Boasting a woeful two of 22 federal parliamentarians before the election, the Nationals are set to make some overdue progress on getting more women to Canberra.
Anne Webster has replaced Andrew Broad in Mallee after he retired when caught out texting a woman from a "sugar daddy" website.
In the Senate, Katharine vet Sam McMahon fills the Northern Territory spot vacated by former indigenous affairs minister Nigel Scullion.
Queensland businesswoman Susan McDonald will join her in the upper house.
In NSW, water policy officer Perin Davey is on track to win a Senate seat, bringing the tally to six females out of 21 federal Nationals.

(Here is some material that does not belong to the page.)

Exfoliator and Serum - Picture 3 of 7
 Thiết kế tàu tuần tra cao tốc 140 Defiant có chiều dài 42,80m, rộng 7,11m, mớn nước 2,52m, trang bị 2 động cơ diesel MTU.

Deputy Prime Minister Michael McCormack's pre-election prediction of a different looking party room has turned out to be true.
"I've done everything I can do to make sure women know that the National Party is a female-friendly party in all the right ways," he told AAP during the campaign.
Mr McCormack's deputy Bridget McKenzie has welcomed a boost to the party's female ranks.
Gender isn't the only stereotype the new-look Nationals are shedding.
While many have family connections to the land, only two MPs - Keith Pitt and Mark Coulton - list farming as a previous occupation in their parliamentary biographies.
There's double the amount of former journalists, a cohort including Mr McCormack.